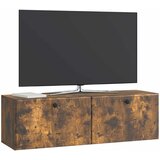TV ormar za zid 98 x 31 x 30 cm Dimljeni hrast | shoptok.hr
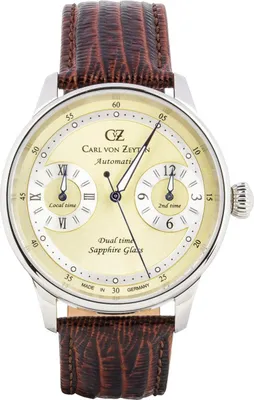 Produktbild von Carl von Zeyten CVZ0086CRS Schönmünzach Automatik creme braun Leder Herren Uhr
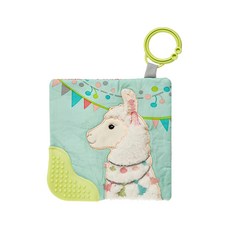 mary meyer 蜜兒 多功能固齒沙沙紙 標籤動物/玩偶(安撫玩具) 適合0歲以上寶寶, 單件, 羊駝莉莉, 1入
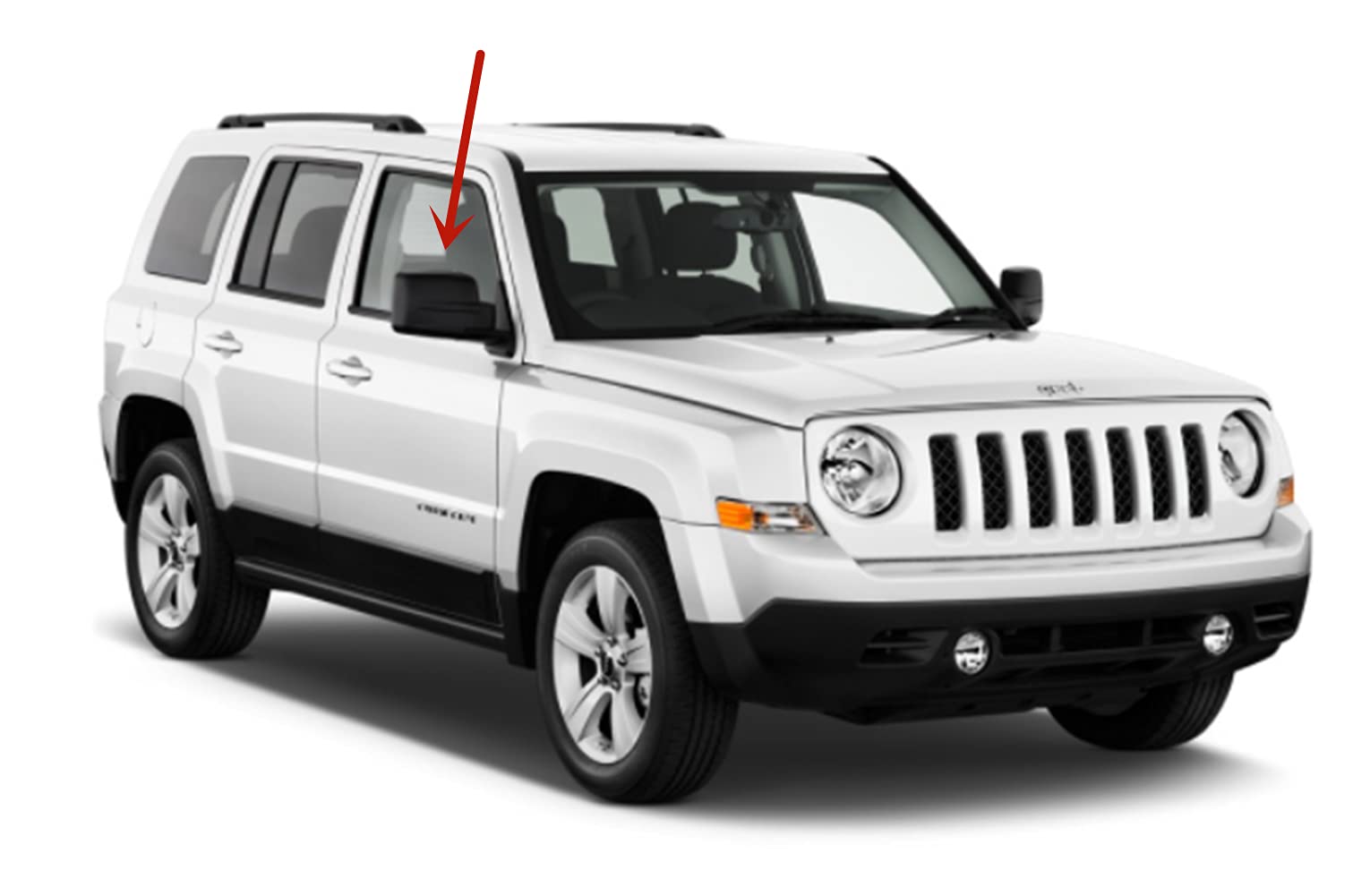 2007-2017 Jeep Patriot Passenger Side Front Door Window Glass Replacement - Right Side Auto Glass for Jeep Patriot 2007 2008 2009 2010 2011 2012 2013 2014 2015 2016 2017 Models - Perfect for Window Repair & Replacement
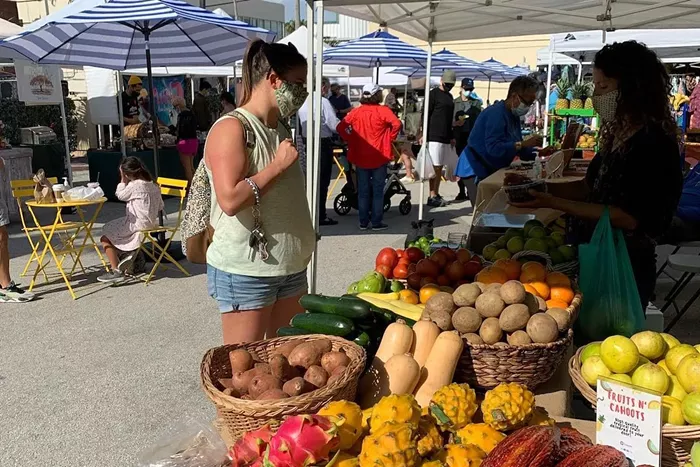 Surfside Farmers Market has resumed its weekend operating hours. - PHOTO COURTESY OF SURFSIDE FARMERS MARKET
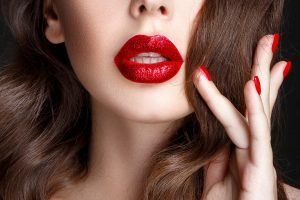 Woman with red lips red lipstick woman's face femininity | The Sublime Woman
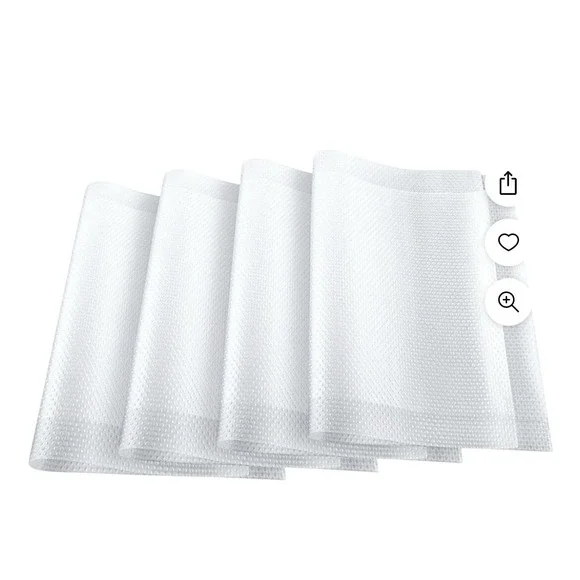 8 Pack Refrigerator Liners Waterproof Washable EVA Shelf Mats‎ 17.7 x 12 Clear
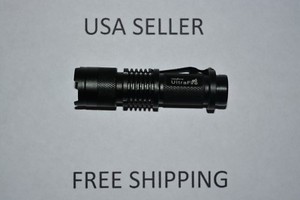 FLASHLIGHT CREE LED Q5 TACTICAL MINI ULTRA FIRE 3 MODE POCKET CLIP 900 LUMENS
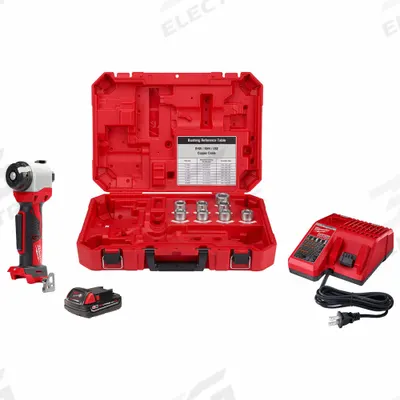 MILWAUKEE Cable Stripper Kit: M18, For Copper, 8 Bushings - Milwaukee Wire & Cable Strippers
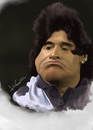 Cartoon: Maradona (small) by ilustraguga tagged maradona digital illustration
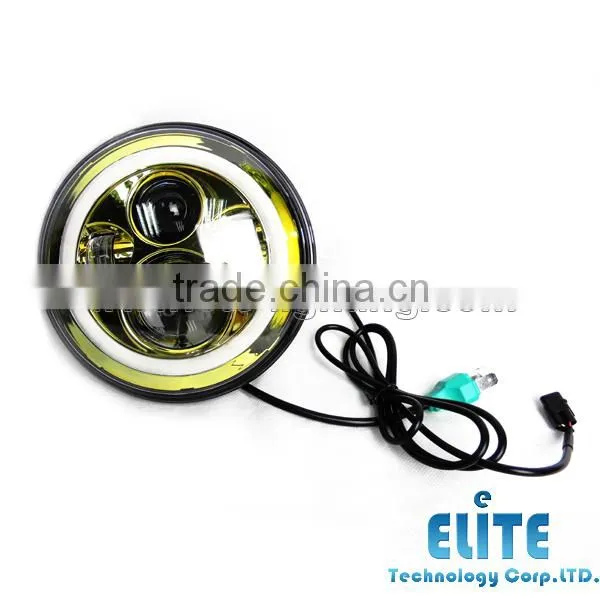7" round led sealed beam replacement of jeep led headlight for harley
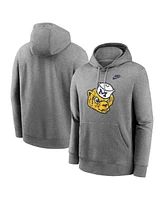 Nike Men's Heather Gray Michigan Wolverines Legacy Logo Club Fleece Pullover Hoodie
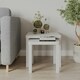 image 5 of Set of 2 Square Wooden Nesting Coffee Side Tables White | 0
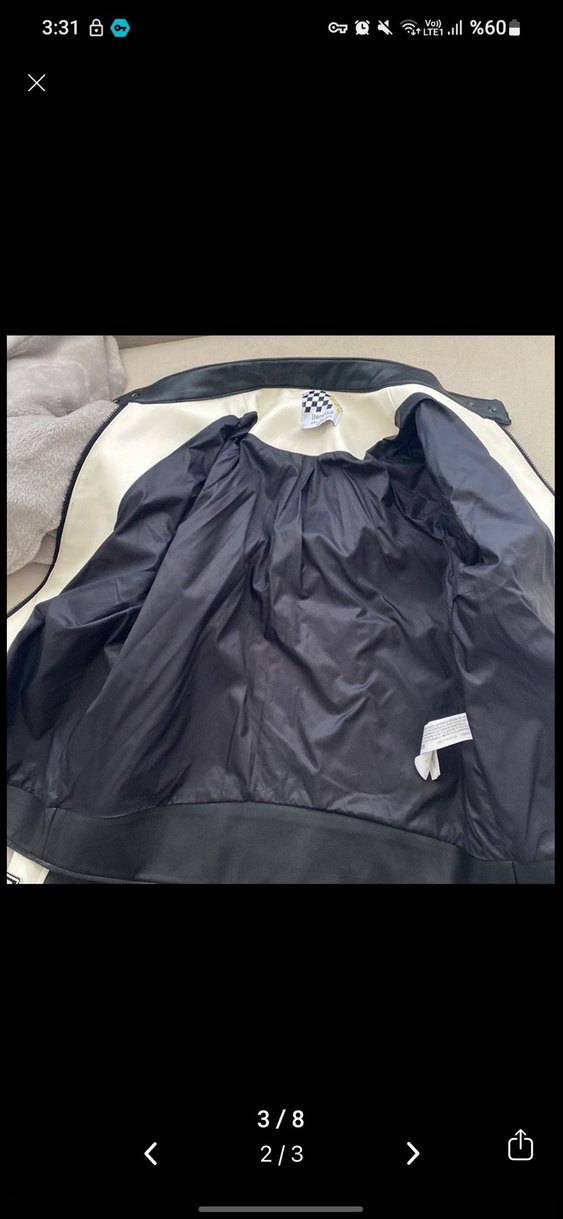 Bershka yarışcı ceketi deri ceket - Görsel 2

----------

Task> Output an exact copy of the lines from the one with "Cartoon: Maradona (small)" through the closing line of the records, inclusive, without any images.

Exercise solution>
 Cartoon: Maradona (small) by ilustraguga tagged maradona digital illustration
7" round led sealed beam replacement of jeep led headlight for harley
 Nike Men's Heather Gray Michigan Wolverines Legacy Logo Club Fleece Pullover Hoodie
 image 5 of Set of 2 Square Wooden Nesting Coffee Side Tables White | 0
 Bershka yarışcı ceketi deri ceket - Görsel 2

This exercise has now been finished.